Tread lightly when stepping into local affairs

In case you missed this, there is a bill calling for the governor to be able to remove members of the Atlanta School Board if they keep chicken fighting among themselves rather than doing their job.

The idea of a governor being able to remove local elected officials is a slippery slope and one which must be tread upon lightly. At first blush one would think this is a local matter and better left to the voters of that particular community.

The difficulty with this position is that a screaming nutcase or mental defective incompetent may have two or three more years to serve before the voters have the opportunity to correct their mistake, and then the damage can take years to repair.

Certainly voters have the option of a recall, but in the real world a recall is a difficult process even for the most sound of reasons.

Naturally, valid reasons must be offered to remove someone from an elected position before their term expires.

Criminal misconduct can certainly be justified, but the question becomes more difficult if you are talking about conduct that may be viewed as incompetence or plain stupidity.
Having elected officials behaving like toddlers or snapping turtles may not seem sufficient grounds for removal but if that behavior paralyzes the operation of a body in carrying out its duties then it may very well be that to have them continuing to serve would be at the long-term detriment of the community.

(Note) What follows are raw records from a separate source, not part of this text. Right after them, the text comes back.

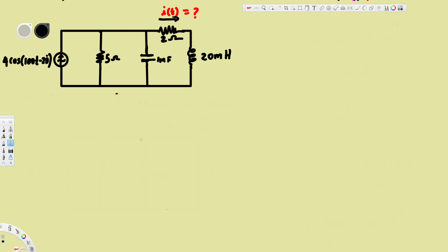In this video we are going to see an example of phasor analysis. In this particular problem we are asked to find out the current through this two ohm resistor. To do this, we are going to convert this time domain circuit into a phasor circuit, find the current in the phasor circuit, then convert that current back into the time domain.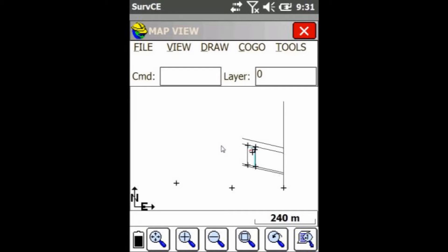Hey everyone, this is David from Benchmark. Today I'm going to be showing you guys how to rotate your line work in the map view in SurvCE.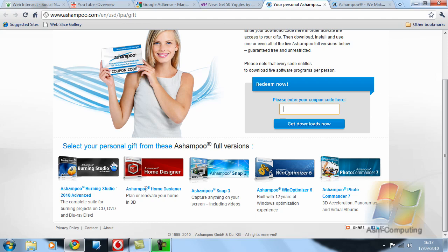There is Home Designer which you can plan or renovate your home in 3D.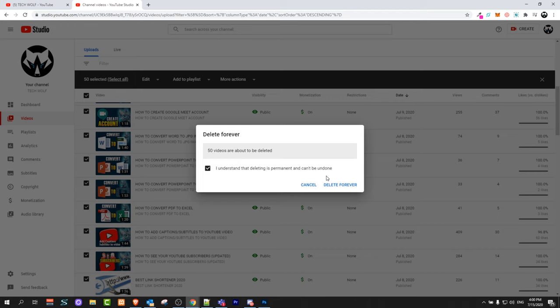I will not be deleting my videos, but if you are deleting all your videos, click here on Delete Forever.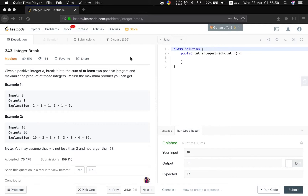Example 1: we are given 2, the output should be 1, because 2 can only be separated as 1 and 1, so the maximum product is 1. Example 2: we are given 10, the output will be 36 because 10 can be separated as 3, 3, 4, so the maximum product is 36.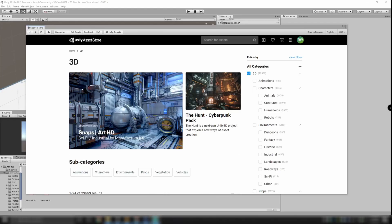Welcome to the second video in this tutorial about how to make a digital copy of an existing room, so in my case, my VR cave.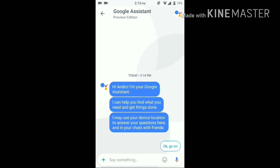The only difference between this procedure and the result you would get following the procedure which requires root access is that the root procedure gives you Google Assistant that can be opened by long pressing your home button. But this procedure requires you to open Google Allo manually and then use it. Everything else is the same.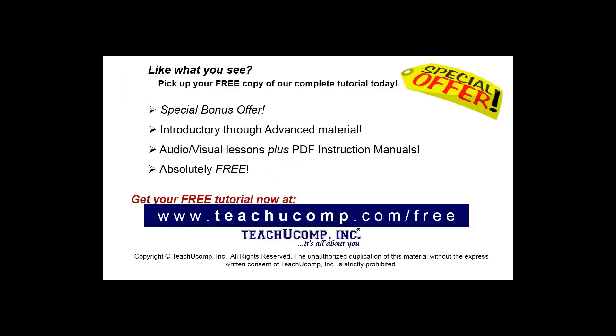Like what you see? Pick up your free copy of the complete tutorial at www.teachucomp.com/free.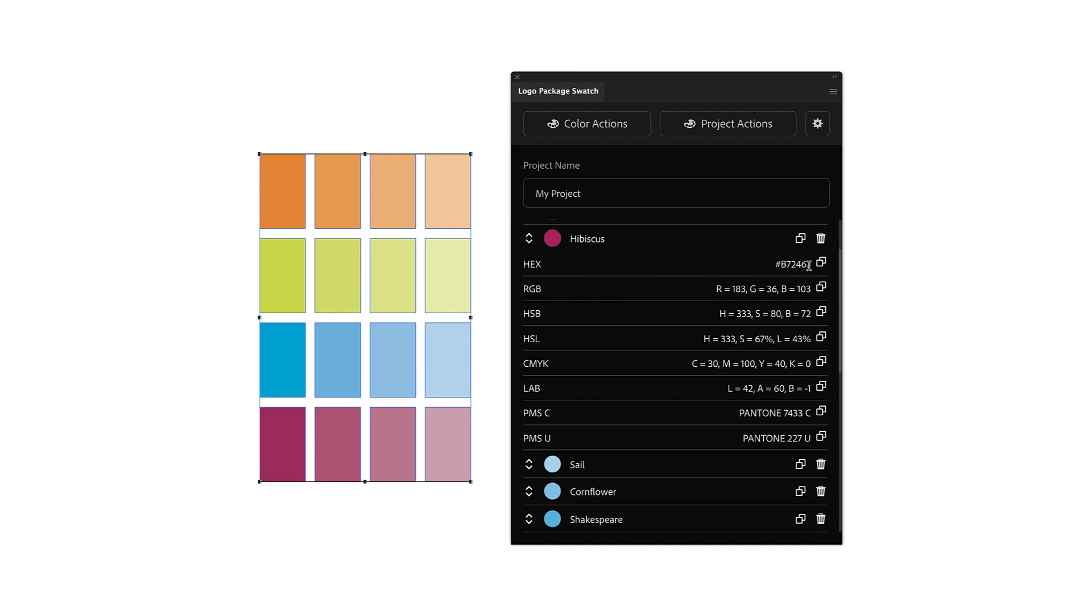You can get the Hex value, the RGB value, the Hue, Saturation, and Brightness value, the Hue, Saturation, and Lightness value, the CMYK value, Lab, Pantone Coated, and Pantone Uncoated.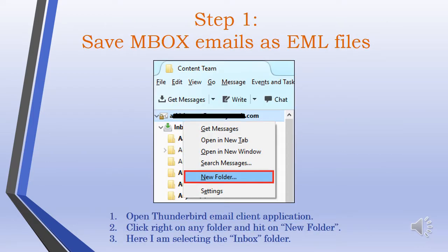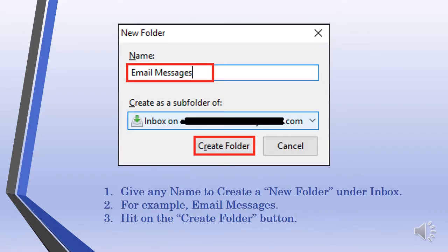Save Thunderbird Mbox emails as EML files. First, open the Thunderbird Email Client application. Right-click on any folder and hit New Folder. Here, select the Inbox folder and give any name to create a new folder under Inbox.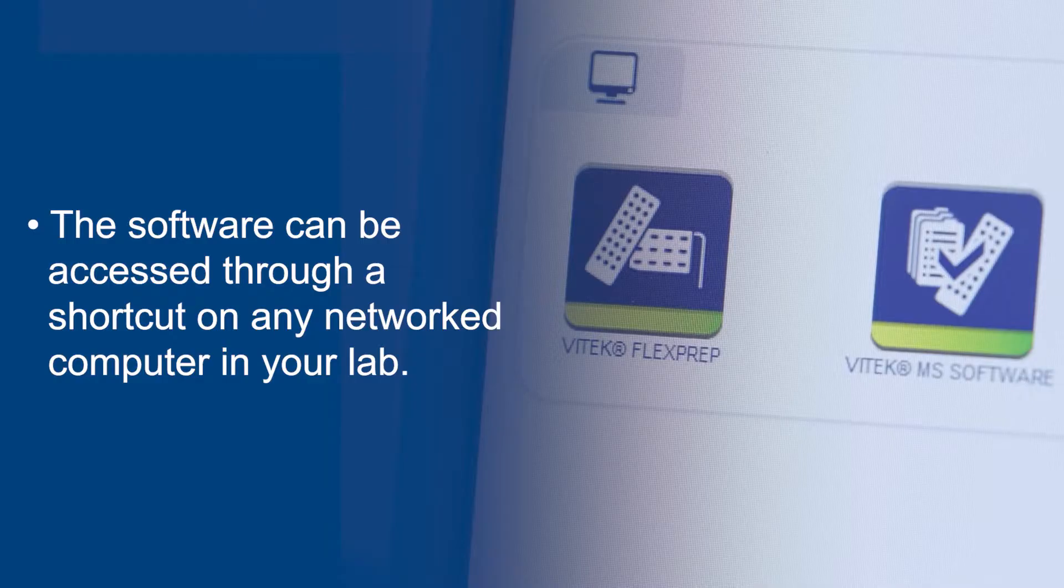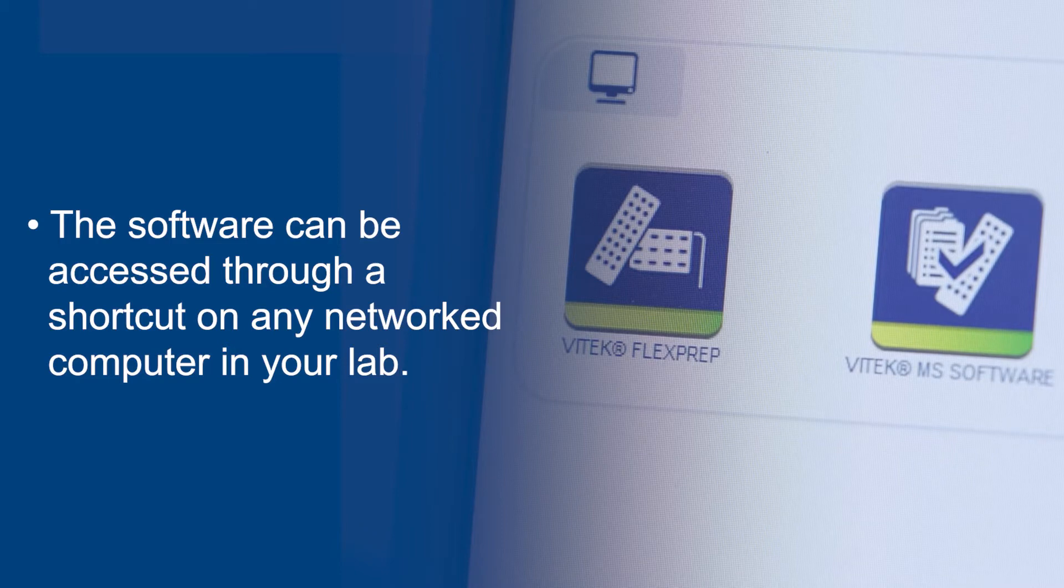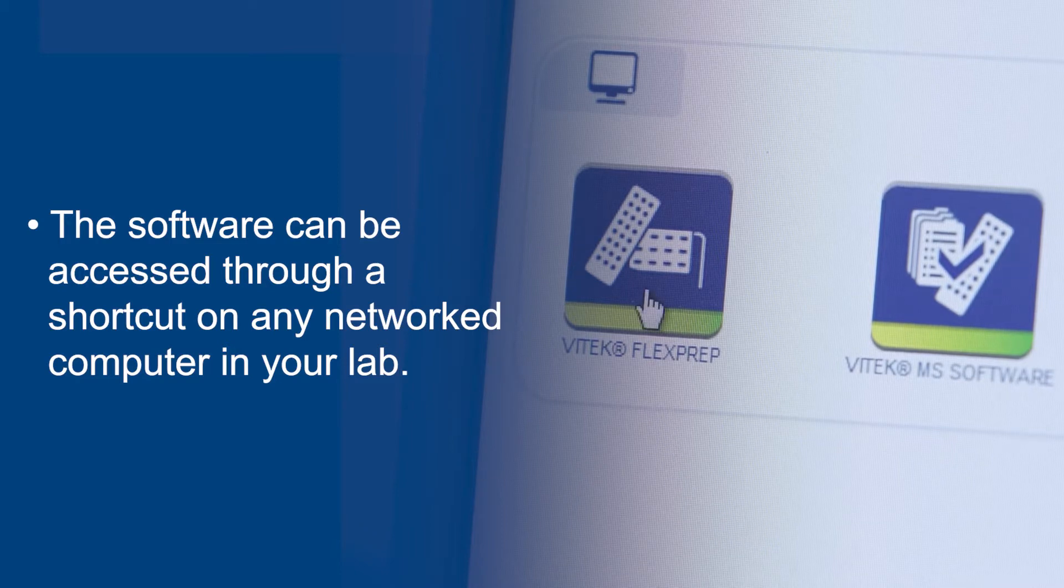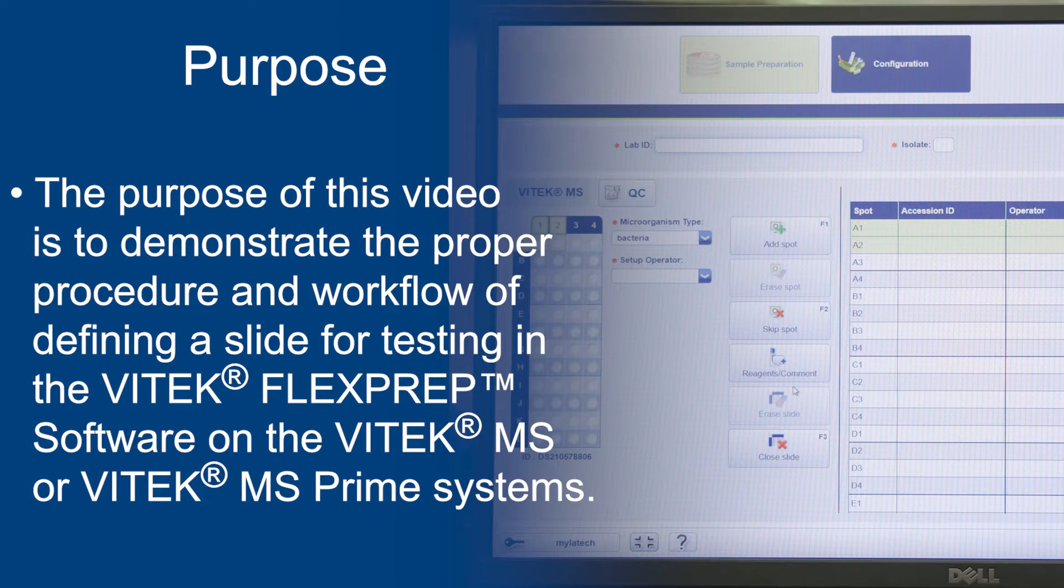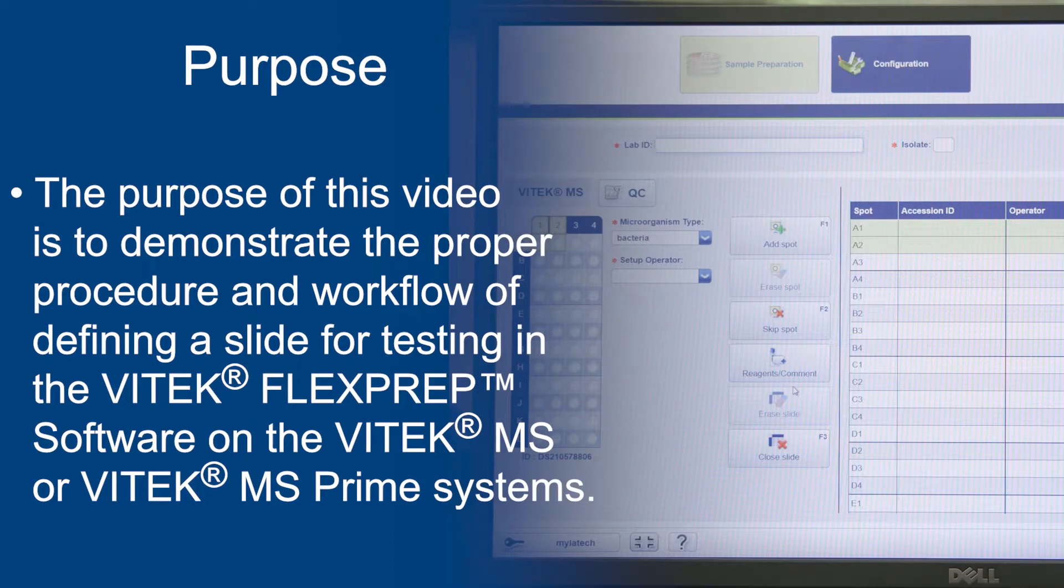The software can be accessed through a shortcut on any networked computer in your lab. The purpose of this video is to demonstrate the proper procedure and workflow of defining a slide for testing in the Vitec FlexPrep software on the Vitec MS or Vitec MS Prime systems.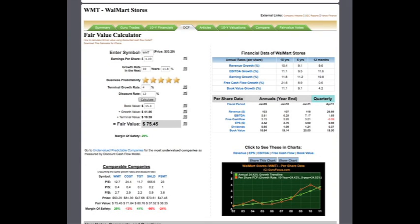Some parameters that we use to calculate the fair value of a company are the earnings per share, growth rate in the next 10 years, business predictability, terminal growth rate, discount rate, and book value. Earnings per share is grabbed from our databases and outputted here.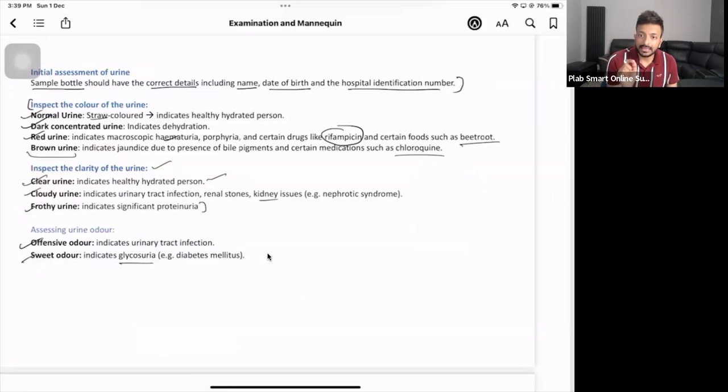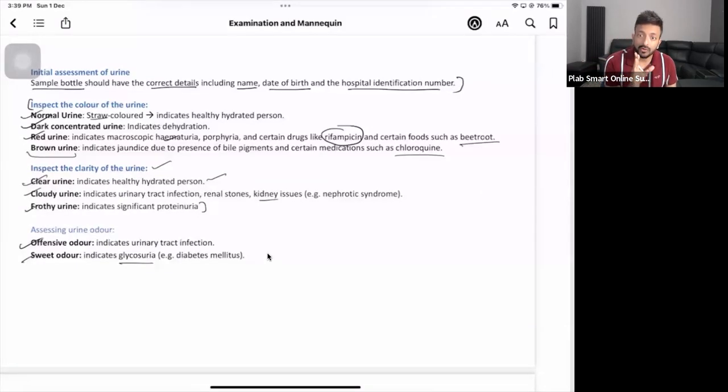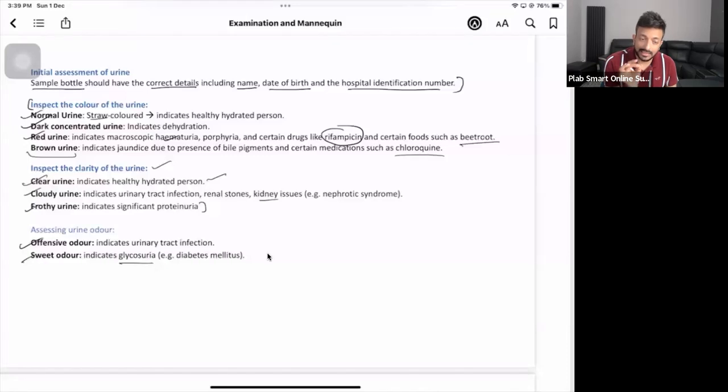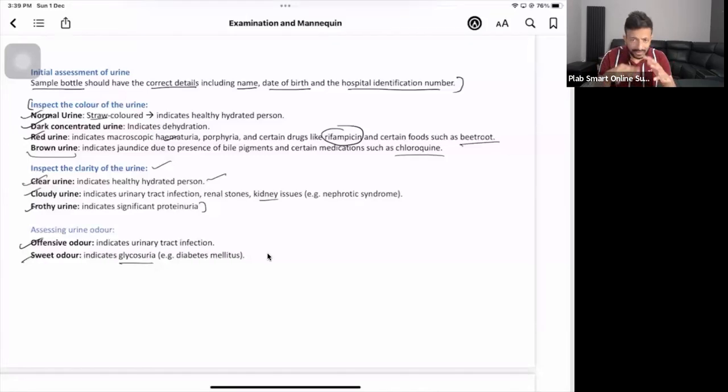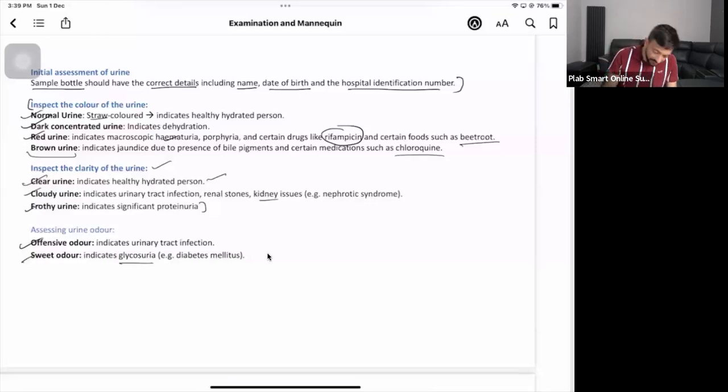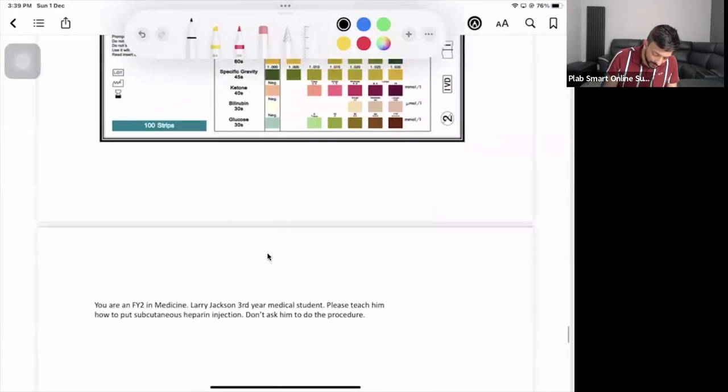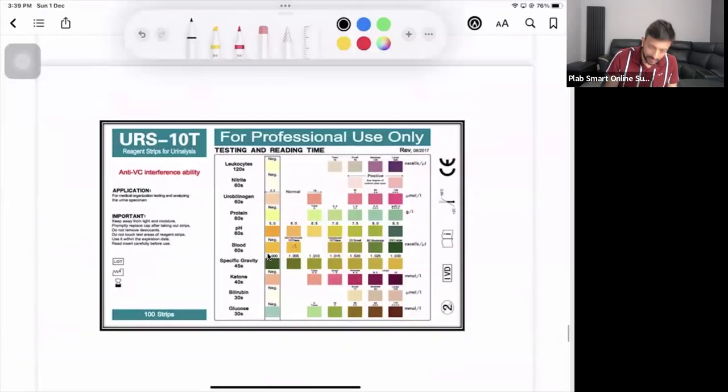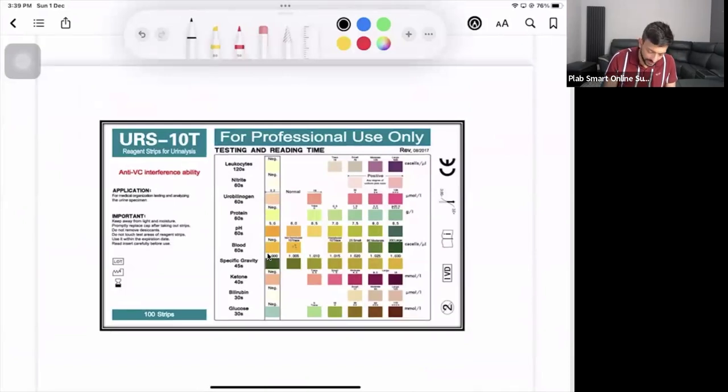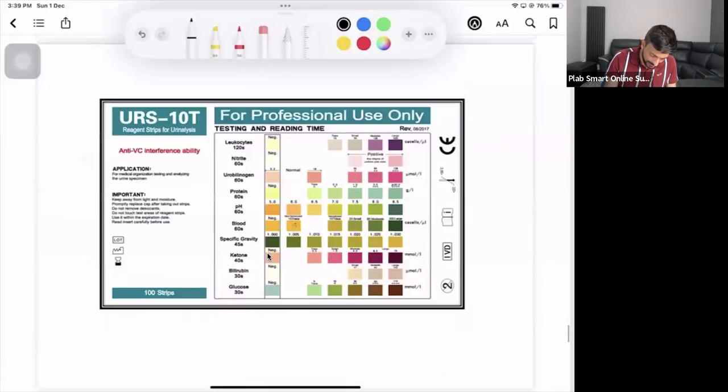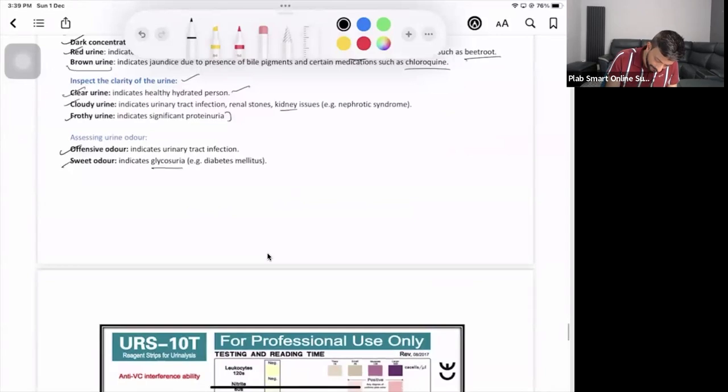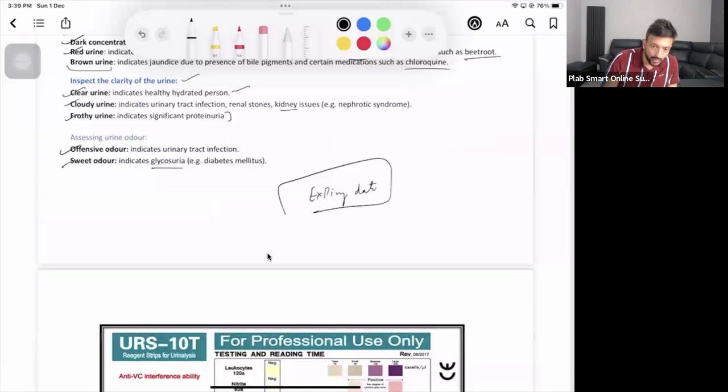You've checked the identity, you know it's midstream urine, you've built a rapport, then you check color, clarity, and smell. All these processes will take maybe three to four minutes. Then you'll have a urine dipstick bottle - check the expiry date.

This is serious business and not an easy call. This is why local elections are so important.

The reality is city councils, county commissions and school boards have more direct everyday impact on your life than the General Assembly or the yahoos in Washington. Yet in many local elections a candidate may get into office with only a handful of votes.

It is not enough for someone to say they are a parent and care about children or that they want to be more involved in the community so they run for a seat on the school board or city council.

Caring about and wanting to serve your community are important considerations - you certainly do not want to elect someone who doesn't care- but voters should demand more.
Voters should ask if the candidate has an understanding of how government operates, ask about their level of education, inquire about their business or work experience and perhaps most basic of all, do they understand the nature of the position they are seeking and what it calls for them to do.
And believe me, no matter what the office, having a hissy fit or pouting because things don't go your way is not part of the job description.

Naturally, this does not mean candidates with all the great looking qualifications cannot turn out to be a blithering idiot. And this is not to say someone who has never served in elected office or with little work experience could not be an excellent public servant.

But when it comes to selecting the folks who decide who picks up your garbage and when, where a water treatment plant will be located, what your tax assessment is, which school may close, who gets the contract to build a gym or if it is time to buy a new fire truck, it calls for more on the part of the voter than flipping a coin.

If a local elected leader fails in their duty, not as a result of an honest mistake or error of judgment but because of arrogance, petulance and self-aggrandizement, that person needs to be cashiered, and the sooner the better.

Perhaps the saddest thing about a bill allowing the governor to remove locall officials is that such a bill is needed at all.